Fortunately for the Quinnipiac student body, the cafeteria will be undergoing major changes. Most students now know that the cafeteria will be doubling in size, but what eateries will fill the additional space?
Director of dining services, Joseph Tobin, expects that the grill and Culinary Table will remain, but they will be expanded and include a wider variety of choices. The salad bar will also increase in size. “We’re looking to adapt and change what we already have.by including interchanging equipment, we will be able to change the variety of food more often,” Tobin said.
Though it is difficult to be sure in this early planning period, Tobin believes that the Italian cuisine at Mama Leone’s will be served under a new name. He said that the Mama Leone’s franchise has limited food options which may not satisfy the students’ desire for variety.

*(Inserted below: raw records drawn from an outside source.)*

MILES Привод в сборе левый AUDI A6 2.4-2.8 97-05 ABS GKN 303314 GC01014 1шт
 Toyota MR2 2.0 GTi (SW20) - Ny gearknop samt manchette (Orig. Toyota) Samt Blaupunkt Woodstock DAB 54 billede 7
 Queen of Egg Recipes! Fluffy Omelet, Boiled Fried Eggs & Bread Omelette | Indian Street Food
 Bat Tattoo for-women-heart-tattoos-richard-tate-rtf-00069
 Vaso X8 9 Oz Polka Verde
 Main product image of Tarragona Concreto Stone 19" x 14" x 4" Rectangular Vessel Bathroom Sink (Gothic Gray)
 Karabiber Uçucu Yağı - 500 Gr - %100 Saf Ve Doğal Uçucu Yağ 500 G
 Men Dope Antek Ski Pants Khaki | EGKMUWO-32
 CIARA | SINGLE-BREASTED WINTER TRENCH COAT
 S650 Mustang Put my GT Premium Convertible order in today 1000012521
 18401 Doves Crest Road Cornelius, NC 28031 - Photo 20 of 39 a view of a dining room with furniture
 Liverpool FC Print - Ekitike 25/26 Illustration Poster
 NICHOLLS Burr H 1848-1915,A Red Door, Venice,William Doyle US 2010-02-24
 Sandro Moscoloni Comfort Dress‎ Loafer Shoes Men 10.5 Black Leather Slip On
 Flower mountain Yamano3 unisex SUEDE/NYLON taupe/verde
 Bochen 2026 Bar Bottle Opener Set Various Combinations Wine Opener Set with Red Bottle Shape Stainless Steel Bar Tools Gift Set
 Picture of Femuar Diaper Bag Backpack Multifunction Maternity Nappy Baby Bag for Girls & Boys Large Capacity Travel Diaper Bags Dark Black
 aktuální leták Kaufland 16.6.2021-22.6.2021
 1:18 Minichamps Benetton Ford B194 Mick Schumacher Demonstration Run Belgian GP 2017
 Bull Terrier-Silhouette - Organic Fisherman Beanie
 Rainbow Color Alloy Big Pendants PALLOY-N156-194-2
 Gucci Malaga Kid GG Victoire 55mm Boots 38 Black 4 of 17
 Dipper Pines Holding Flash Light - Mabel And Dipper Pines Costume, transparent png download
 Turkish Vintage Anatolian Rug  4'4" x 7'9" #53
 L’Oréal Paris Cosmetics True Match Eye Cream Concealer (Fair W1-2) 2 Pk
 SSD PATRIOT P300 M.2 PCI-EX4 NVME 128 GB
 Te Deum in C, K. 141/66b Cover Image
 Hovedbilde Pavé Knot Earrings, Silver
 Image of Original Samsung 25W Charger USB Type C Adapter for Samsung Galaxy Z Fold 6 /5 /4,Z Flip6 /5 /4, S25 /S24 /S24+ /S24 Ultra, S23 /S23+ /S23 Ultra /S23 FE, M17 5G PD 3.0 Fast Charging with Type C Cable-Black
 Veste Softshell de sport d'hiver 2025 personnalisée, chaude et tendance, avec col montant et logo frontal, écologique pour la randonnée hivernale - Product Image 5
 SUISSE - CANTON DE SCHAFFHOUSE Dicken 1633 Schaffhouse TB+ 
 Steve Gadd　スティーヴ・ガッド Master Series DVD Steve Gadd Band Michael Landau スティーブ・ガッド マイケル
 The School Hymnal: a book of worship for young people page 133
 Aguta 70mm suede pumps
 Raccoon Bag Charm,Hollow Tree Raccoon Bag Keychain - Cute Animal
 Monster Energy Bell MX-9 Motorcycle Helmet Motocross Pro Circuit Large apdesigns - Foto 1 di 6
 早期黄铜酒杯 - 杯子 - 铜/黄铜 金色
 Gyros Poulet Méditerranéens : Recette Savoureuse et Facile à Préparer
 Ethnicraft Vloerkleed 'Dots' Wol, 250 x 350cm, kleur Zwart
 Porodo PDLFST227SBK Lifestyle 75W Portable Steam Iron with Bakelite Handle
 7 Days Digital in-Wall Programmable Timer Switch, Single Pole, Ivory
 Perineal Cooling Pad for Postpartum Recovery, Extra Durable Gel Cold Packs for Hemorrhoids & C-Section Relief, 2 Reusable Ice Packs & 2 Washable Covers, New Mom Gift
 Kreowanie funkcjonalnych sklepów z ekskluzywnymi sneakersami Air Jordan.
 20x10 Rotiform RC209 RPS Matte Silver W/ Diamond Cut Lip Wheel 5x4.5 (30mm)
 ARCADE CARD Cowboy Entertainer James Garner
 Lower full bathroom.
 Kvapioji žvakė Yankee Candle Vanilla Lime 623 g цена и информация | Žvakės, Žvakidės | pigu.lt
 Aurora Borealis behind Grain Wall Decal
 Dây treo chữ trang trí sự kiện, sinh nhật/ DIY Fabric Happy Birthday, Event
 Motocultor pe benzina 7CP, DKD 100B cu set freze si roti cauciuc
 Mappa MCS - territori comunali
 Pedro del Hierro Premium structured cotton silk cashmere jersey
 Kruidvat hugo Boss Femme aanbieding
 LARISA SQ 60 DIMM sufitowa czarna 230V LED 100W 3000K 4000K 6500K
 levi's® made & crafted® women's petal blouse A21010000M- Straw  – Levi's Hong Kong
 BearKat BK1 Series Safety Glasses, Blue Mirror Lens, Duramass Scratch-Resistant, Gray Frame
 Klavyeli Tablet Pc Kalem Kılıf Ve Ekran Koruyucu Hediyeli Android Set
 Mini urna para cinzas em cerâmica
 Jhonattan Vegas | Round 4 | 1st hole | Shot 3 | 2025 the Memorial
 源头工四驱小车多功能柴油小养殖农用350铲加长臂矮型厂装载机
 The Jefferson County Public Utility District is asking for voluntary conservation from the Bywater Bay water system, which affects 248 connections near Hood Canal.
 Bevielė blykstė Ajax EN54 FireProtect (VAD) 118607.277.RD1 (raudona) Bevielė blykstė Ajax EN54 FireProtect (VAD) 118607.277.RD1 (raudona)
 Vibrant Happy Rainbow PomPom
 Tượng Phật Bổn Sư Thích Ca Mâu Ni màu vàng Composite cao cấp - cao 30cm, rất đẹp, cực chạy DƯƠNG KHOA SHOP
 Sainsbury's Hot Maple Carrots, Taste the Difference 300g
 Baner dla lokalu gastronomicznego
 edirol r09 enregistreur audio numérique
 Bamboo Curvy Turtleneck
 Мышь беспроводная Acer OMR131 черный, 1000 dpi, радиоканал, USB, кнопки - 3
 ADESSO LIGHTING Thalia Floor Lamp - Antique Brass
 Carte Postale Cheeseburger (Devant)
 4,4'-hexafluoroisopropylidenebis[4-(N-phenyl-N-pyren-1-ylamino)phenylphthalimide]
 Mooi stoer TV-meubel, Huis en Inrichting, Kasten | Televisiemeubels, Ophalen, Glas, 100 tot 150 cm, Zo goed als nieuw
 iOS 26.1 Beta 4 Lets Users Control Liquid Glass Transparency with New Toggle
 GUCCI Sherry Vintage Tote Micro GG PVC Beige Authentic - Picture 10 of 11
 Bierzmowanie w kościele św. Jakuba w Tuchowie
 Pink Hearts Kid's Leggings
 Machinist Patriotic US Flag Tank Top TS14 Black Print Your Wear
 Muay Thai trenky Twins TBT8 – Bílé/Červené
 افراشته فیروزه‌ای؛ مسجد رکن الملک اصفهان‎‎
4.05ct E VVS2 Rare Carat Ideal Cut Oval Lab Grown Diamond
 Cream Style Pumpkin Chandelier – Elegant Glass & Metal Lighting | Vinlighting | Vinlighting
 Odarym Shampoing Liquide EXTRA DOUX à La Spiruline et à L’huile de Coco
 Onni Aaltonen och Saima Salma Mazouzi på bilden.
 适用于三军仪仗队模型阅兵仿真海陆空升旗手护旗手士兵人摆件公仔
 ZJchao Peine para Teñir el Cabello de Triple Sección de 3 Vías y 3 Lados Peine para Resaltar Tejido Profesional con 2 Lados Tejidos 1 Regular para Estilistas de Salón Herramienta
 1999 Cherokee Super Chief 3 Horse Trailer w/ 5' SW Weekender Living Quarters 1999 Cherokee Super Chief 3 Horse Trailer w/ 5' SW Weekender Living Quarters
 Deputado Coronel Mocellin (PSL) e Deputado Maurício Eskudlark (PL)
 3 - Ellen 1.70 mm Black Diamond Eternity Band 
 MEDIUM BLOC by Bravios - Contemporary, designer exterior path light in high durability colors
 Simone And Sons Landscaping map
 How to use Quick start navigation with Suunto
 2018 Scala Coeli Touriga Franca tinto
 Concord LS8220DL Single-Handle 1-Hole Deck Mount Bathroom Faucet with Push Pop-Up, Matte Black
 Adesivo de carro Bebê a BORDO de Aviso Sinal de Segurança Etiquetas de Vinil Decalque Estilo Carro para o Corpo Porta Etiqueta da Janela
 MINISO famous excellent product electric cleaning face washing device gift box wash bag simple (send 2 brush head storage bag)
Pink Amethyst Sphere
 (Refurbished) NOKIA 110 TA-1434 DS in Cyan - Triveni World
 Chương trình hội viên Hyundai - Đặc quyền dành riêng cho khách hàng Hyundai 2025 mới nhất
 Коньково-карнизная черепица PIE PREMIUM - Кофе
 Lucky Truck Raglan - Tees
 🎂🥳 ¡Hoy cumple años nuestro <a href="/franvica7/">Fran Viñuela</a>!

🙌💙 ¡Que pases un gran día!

Tobin said students can also look forward to a full-size Starbucks. He added that he believes the new, larger cafeteria will double as additional study space since the library is so overrun. The plans propose that the Starbucks is to include a window facing the dining room, so it can remain open later than the rest of the cafeteria.
Asian cuisine fare will also be added. Tobin said that the company hopes to include a Chinese food area much like a Panda Express, but at a higher quality. A sushi bar may also be possible.
“Being health conscious is big with students these days,” Tobin said. The people of Chartwell’s have taken note of that. The company plans on purchasing as much locally grown produce and meat as they can without a major price increase.
Tobin said that, by far, the biggest project will be the addition of a large O’Naturals-a healthy sandwich bistro based out of Portland, Maine. He expects that this new station will take up a large part of the new space.
The size of Zia Juice may decrease, but health enthusiasts should be happy with the choice.
Chartwell’s has a franchising contract with the restaurant. The O’Naturals Web site states that it was created by its founders, Mac McCabe and Gary Hirshberg (also a founder of the organic yogurt brand, Stonyfield Farm), “to provide delicious quick, natural and organic foods.” The menu exhibits an array of flatbread sandwiches, pizza, salads and noodle dishes.
Tobin said that he’s excited to have the additional space, for the increasing size of the student body demands the upgrade. He added that he does not foresee a price increase due to the expansion.
And when the results of the Chartwell’s survey arrive, Tobin and others who are planning what food services will be provided can use the opinions of more than 1,000 participants. The results will help plan cuisine changes in the Bobcat Den and new York Hill campus.
“Students basically drive everything we do,” Tobin said. “We don’t get any of the money until you buy something and it goes through the cash register.we need to make our food as high-quality as we can for you to buy it.”